- **WHAT TO WORK ON**
Reproduce, exactly and in full, the records that follow, minus any pictures.

- **DATA LISTING**
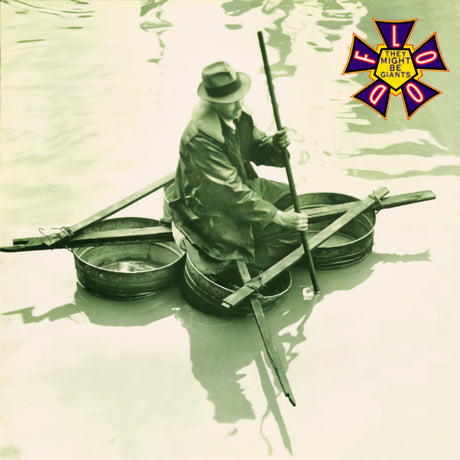 They Might Be Giants - Flood (LP) - Velvet Music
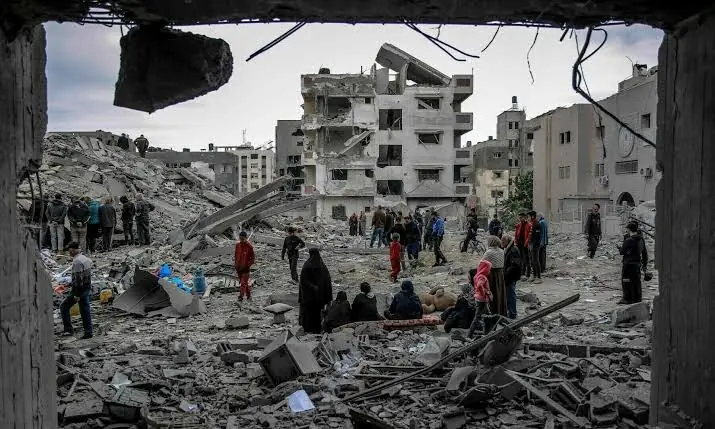 Pakistan, seven Muslim countries condemn Israel's rejection of road map to end Gaza conflict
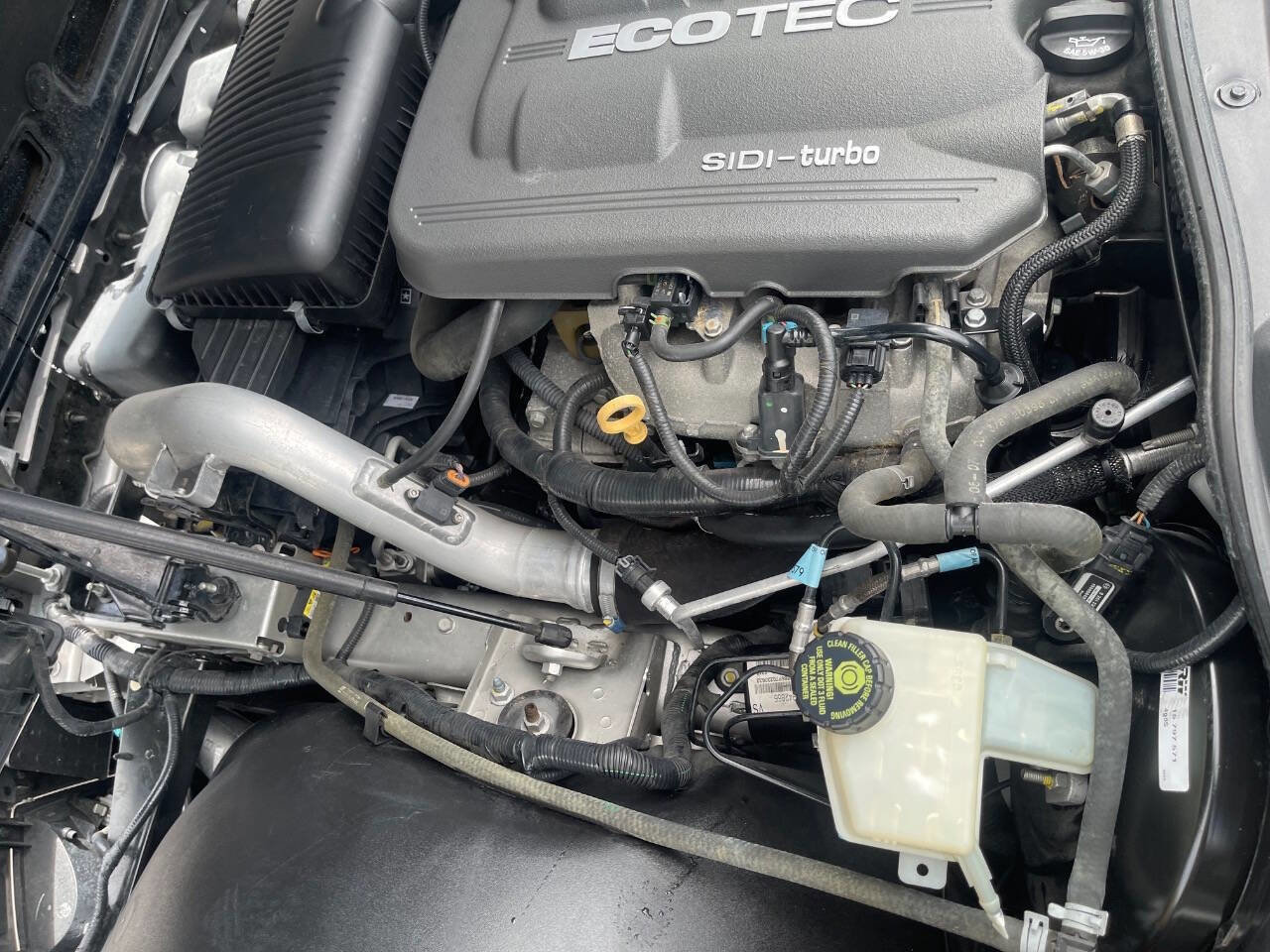 Used 2007 Saturn Sky Red Line RWD image 33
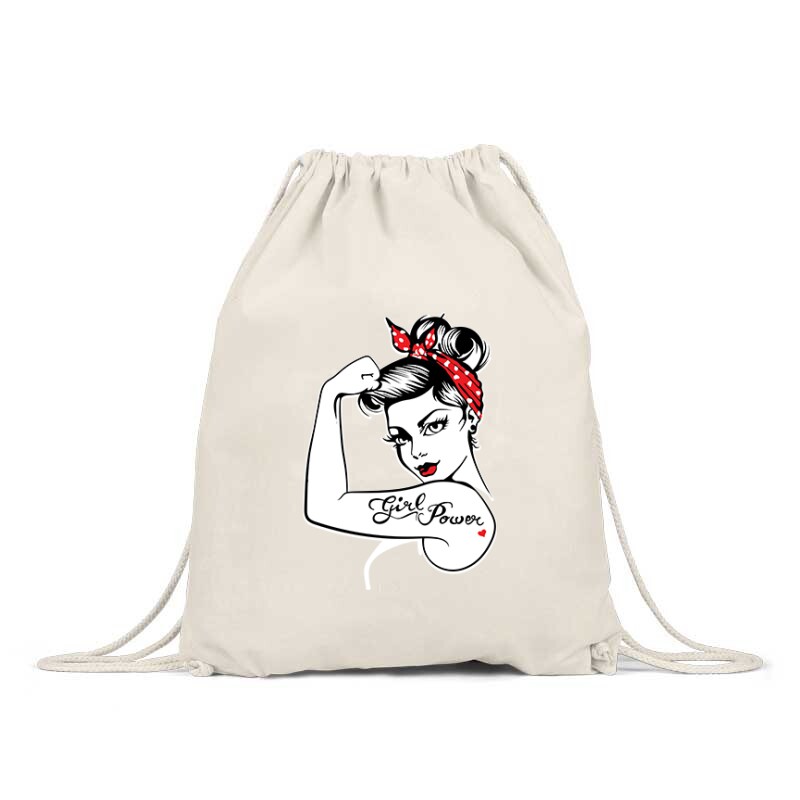 Girl Power Hátizsák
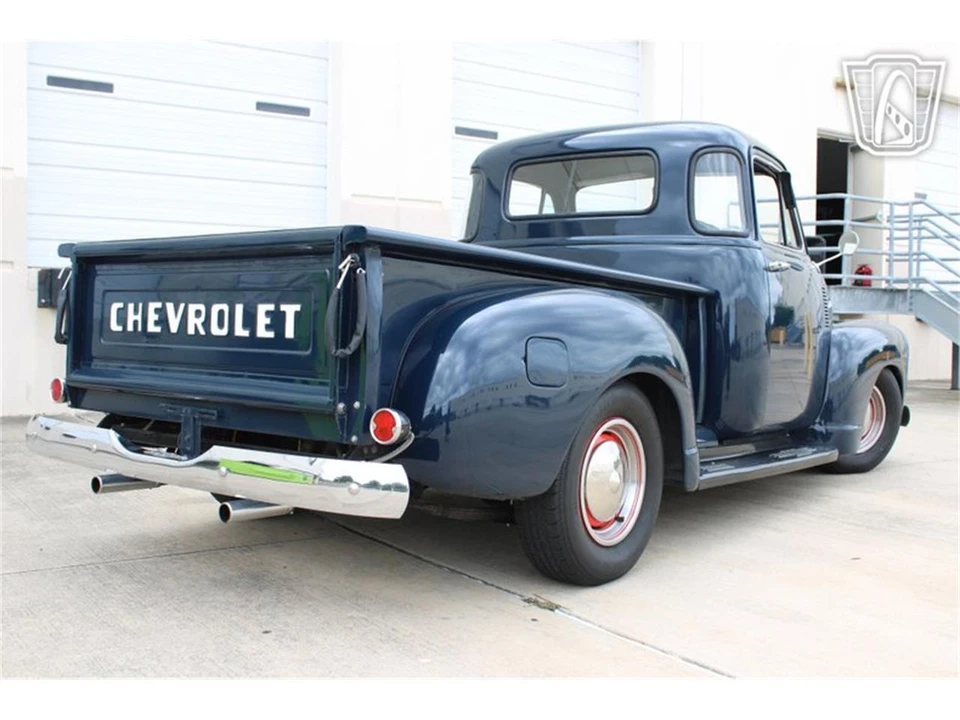 1954 Chevrolet Advance Design - Image 13 of 31
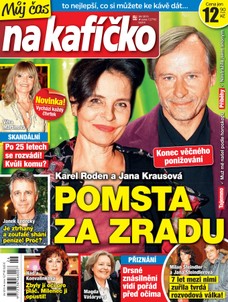 Můj čas na kafíčko 26/15
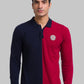Men Regular Fit Green Polo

- **RESPONSE BELOW**
 They Might Be Giants - Flood (LP) - Velvet Music
 Pakistan, seven Muslim countries condemn Israel's rejection of road map to end Gaza conflict
 Used 2007 Saturn Sky Red Line RWD image 33
 Girl Power Hátizsák
 1954 Chevrolet Advance Design - Image 13 of 31
 Můj čas na kafíčko 26/15
Men Regular Fit Green Polo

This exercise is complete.